# How to shift a subtree of a tikz tree horizontally

how can I shift a subtree of a tikztree/qtree to the right without affecting the rest of the tree?

Consider the following tree:

\documentclass[tikz]{standalone}

\usepackage[utf8]{inputenc}
\usepackage{tikz}
\usepackage{tikz-qtree}
\usetikzlibrary{shapes, trees}

\begin{document}

\begin{tikzpicture}[
font=\footnotesize,
edge from parent/.style={draw, edge from parent fork down},
frontier/.style={distance from root=250},
level distance=25,
phrase/.style={draw, ellipse},
function/.style={draw, rectangle}
]
\Tree
[.\node[phrase] {S};
[.\node[function] {SB}; Tim ]
[.\node[function] {HD}; wurde ]
[.\node[function] {OC};
[.\node[phrase] {VP};
[.\node[function] {SBP};
[.\node[phrase] {PP};
[.\node[function] {AC}; von ]
[.\node[function] {NK};
[.\node[phrase] {NP};
[.\node[function] {NK}; den ]
[.\node[function] {NK}; Hunden ]
[.\node[function] {RC};
[.\node[phrase] {S};
[.\node[function] {SB}; ,die ]
[.\node[function] {MO}; laut ]
[.\node[function] {HD}; bellten. ]
]
]
]
]
]
]
[.\node[function] {HD}; erschreckt ]
]
]
]
\end{tikzpicture}
\end{document}


In the end the HD>erschreckt has to go between the NK>Hunden and the RC subtree, i. e. branches have to intersect. I understand that this is not possible within a tikz tree.

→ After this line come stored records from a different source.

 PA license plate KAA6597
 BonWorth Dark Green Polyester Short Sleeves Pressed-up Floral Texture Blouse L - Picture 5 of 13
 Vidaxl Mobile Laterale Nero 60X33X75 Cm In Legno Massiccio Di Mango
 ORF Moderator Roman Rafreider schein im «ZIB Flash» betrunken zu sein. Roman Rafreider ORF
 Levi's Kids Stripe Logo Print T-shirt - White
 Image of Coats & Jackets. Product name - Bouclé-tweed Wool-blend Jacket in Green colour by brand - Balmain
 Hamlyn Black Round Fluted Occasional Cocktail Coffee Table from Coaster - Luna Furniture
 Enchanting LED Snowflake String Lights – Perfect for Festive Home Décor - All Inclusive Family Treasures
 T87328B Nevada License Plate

I could leave the HD>erschreckt out of the tikz tree and draw it later on. However that would require the RC subtree to be shifted to the right to make room for the drawing of the HD>erschreckt. And that is where I am stuck.

A [missing] node between the NK>Hunden and the RC subtree does cause the right shift of the RC subtree but also shifts the NK>den and NK>Hunden to the left, so that does not seem to be an option.

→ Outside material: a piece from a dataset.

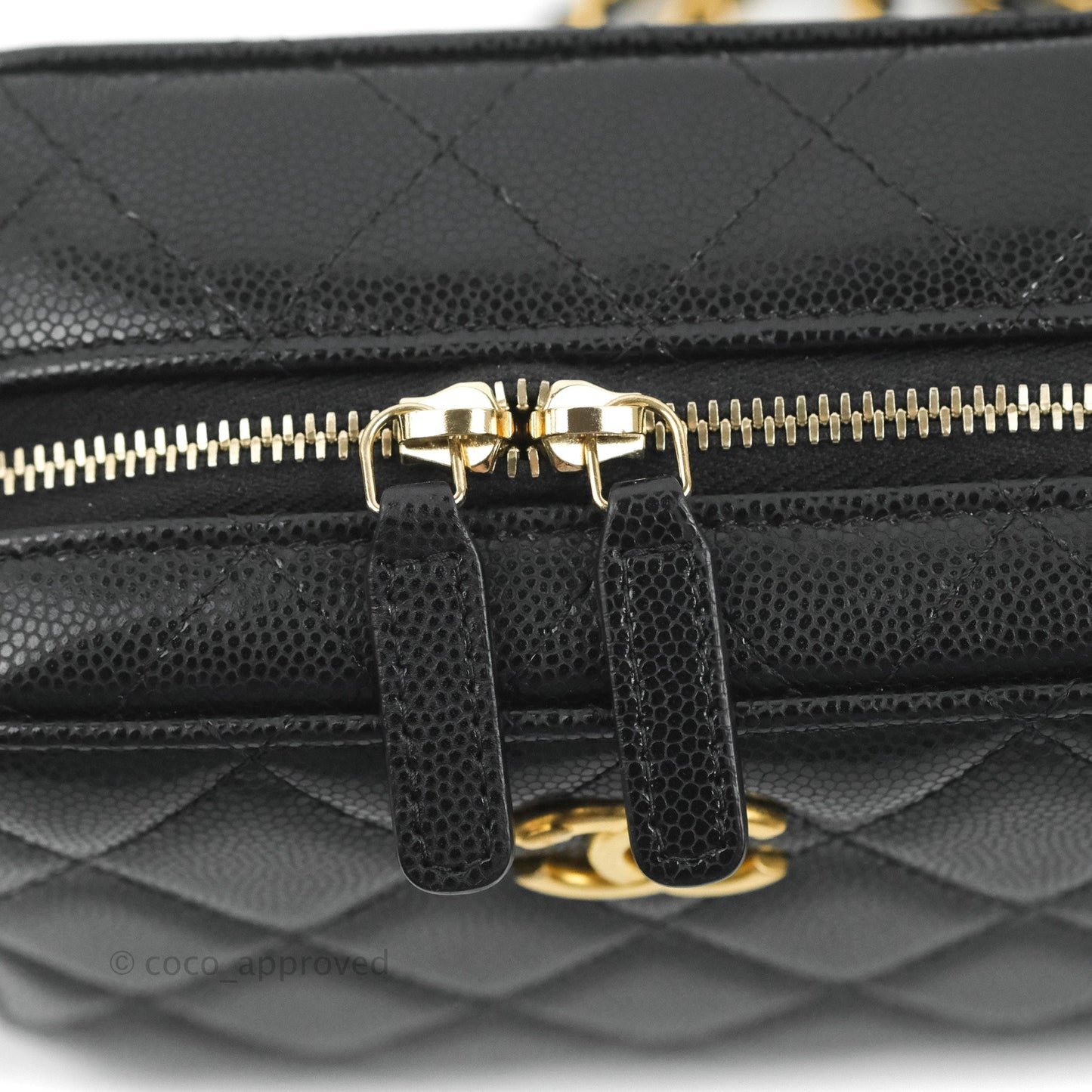 Chanel Quilted Twist Your Buttons Camera Black Caviar Gold Hardware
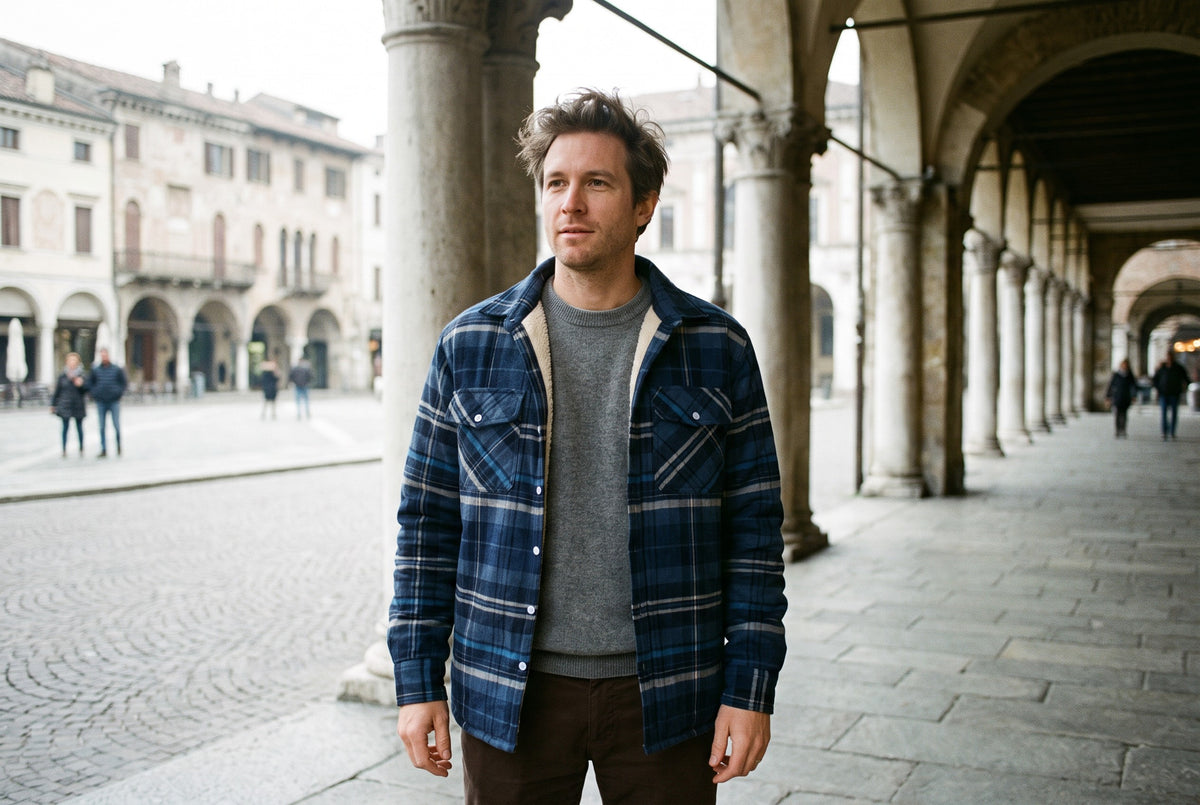 Collecchio Fleece-Lined Plaid Shirt Jacket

So again: How can I shift the RC subtree to the right without affecting the rest of the tree?

(Bonus points for making the intersection visually unambiguous.)

Perhaps the best thing to do is place the work erschrekt where you want it, to the left of ,die. Since \node is an abbreviation for \path node you can add further material afterwards to draw more. Using the positioning library you can place nodes relative to each other. Putting this code in the appropriate place tikz will take care of moving the rest of the tree:

\documentclass[tikz]{standalone}

\usepackage[utf8]{inputenc}
\usepackage{tikz}
\usepackage{tikz-qtree}
\usetikzlibrary{shapes, trees,calc,positioning}

\begin{document}

\begin{tikzpicture}[
font=\footnotesize,
edge from parent/.style={draw, edge from parent fork down},
frontier/.style={distance from root=250},
level distance=25,
phrase/.style={draw, ellipse},
function/.style={draw, rectangle}
]
\Tree
[.\node[phrase] {S};
[.\node[function] {SB}; Tim ]
[.\node[function] {HD}; wurde ]
[.\node[function] {OC};
[.\node[phrase] {VP};
[.\node[function] {SBP};
[.\node[phrase] {PP};
[.\node[function] {AC}; von ]
[.\node[function] {NK};
[.\node[phrase] {NP};
[.\node[function] {NK}; den ]
[.\node[function] {NK}; Hunden ]
[.\node[function] {RC};
[.\node[phrase] {S};
[.\node[function] {SB}; \node (die) {,die}
node[node distance=0cm,left=of die] (ert)
{\strut erschreckt}; ]
[.\node[function] {MO}; laut ]
[.\node[function] {HD}; bellten. ]
]
]
]
]
]
]
[.\node[function] (ers) {HD}; ]
]
]
];
\draw[red] (ers.south) |- ($(ers.south)!0.65!(ert.north)$)-| (ert.north);
\end{tikzpicture}
\end{document}


Note that I added \strut to the new node to ensure it has a uniform depth. Other tikz approaches would be to specify text height/depth for your nodes generally.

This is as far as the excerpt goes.